→ **YOUR TASK**
For the data below, give again exactly the lines from the one containing "First, let's test" through the one containing "That's Clover's knitting", both ends included, and no others.

GIVEN RECORDS Start Marker

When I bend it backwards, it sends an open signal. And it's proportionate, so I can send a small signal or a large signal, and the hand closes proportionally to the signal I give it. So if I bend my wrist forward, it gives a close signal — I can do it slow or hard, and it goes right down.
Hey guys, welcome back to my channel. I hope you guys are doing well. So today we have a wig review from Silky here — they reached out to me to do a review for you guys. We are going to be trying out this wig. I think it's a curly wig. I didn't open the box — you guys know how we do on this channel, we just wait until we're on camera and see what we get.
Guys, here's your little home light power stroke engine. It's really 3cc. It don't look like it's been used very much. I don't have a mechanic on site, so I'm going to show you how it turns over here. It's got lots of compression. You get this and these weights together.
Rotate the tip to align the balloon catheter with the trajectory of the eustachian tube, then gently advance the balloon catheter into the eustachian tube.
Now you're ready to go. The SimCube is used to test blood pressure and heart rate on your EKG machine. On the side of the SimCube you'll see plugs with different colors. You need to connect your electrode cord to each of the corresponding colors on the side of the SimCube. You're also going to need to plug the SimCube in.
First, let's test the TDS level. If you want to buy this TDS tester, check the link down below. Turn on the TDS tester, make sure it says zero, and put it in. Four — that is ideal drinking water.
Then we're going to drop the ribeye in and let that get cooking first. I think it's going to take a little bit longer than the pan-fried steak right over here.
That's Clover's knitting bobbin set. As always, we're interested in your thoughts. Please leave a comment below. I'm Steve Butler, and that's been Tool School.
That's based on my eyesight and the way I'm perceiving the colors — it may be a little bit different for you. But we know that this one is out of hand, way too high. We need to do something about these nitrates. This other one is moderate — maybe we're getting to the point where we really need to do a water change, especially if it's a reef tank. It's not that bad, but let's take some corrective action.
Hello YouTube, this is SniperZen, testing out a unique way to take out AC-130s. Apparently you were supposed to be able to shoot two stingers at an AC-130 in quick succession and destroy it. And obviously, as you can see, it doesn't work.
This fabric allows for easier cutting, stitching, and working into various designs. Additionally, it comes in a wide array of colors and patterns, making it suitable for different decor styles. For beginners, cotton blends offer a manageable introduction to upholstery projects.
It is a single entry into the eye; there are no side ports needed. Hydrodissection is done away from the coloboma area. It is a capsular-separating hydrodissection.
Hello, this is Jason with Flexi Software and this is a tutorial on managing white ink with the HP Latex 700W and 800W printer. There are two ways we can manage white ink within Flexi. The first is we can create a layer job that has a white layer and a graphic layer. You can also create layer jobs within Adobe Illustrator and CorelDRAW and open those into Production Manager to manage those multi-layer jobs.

GIVEN RECORDS End Marker

→ **TASK ANSWER**
First, let's test the TDS level. If you want to buy this TDS tester, check the link down below. Turn on the TDS tester, make sure it says zero, and put it in. Four — that is ideal drinking water.
Then we're going to drop the ribeye in and let that get cooking first. I think it's going to take a little bit longer than the pan-fried steak right over here.
That's Clover's knitting bobbin set. As always, we're interested in your thoughts. Please leave a comment below. I'm Steve Butler, and that's been Tool School.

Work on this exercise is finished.